The food is not all that’s changed. Recently my friend had a dispute with a neighbor who was a new member. Trying to talk with him about the issue didn’t seem to help, so she requested mediation, with another long-time community member as mediator. During the mediation it became clear to my friend and the mediator that the new neighbor had no idea how to communicate in an open, honest, self-revealing way, as founders and longer-term residents had learned to do. He maintained the position that my friend was essentially an unreasonable person who shouldn’t want something different than he did, and he was blameless as a party to the dispute. Not only did the mediation fail, but then the new neighbor convinced other new residents that my friend was “strange” because she wanted this “weird” mediation. The founders and other long-term residents know this is nonsense, of course, but the new ones believed it. No touchy-feely crap for them!
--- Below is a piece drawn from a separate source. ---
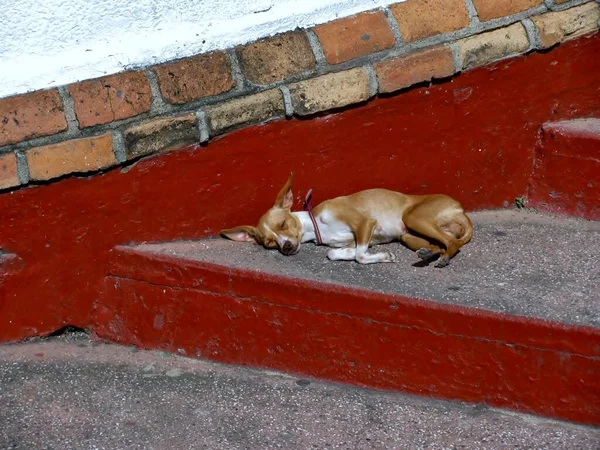 Niedlicher Kleiner Hund Schläft Auf Der Treppe — Stockfoto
My friend still has a better life in her cohousing community than she would if she lived in mainstream housing. She’s surrounded by neighbors who look out for each other and her son. Her home is more secure than it would be elsewhere, and she’s still safer walking to her car than she would be if she lived somewhere else. Her son still loves the neighborhood and he still has plenty of children to play with.

A community’s culture changing like this is no one’s fault, but it is significant. So I hope that you would have other reasons for joining your new community besides that it’s “your kind of people” and “your kind of culture.” I would hope you also love the location and the community’s beauty, comfort, and amenities. Because even if its culture does change, in your new cohousing community you’ll still have the opportunity to live in a much more open, trusting, and secure way with neighbors than most people in the US.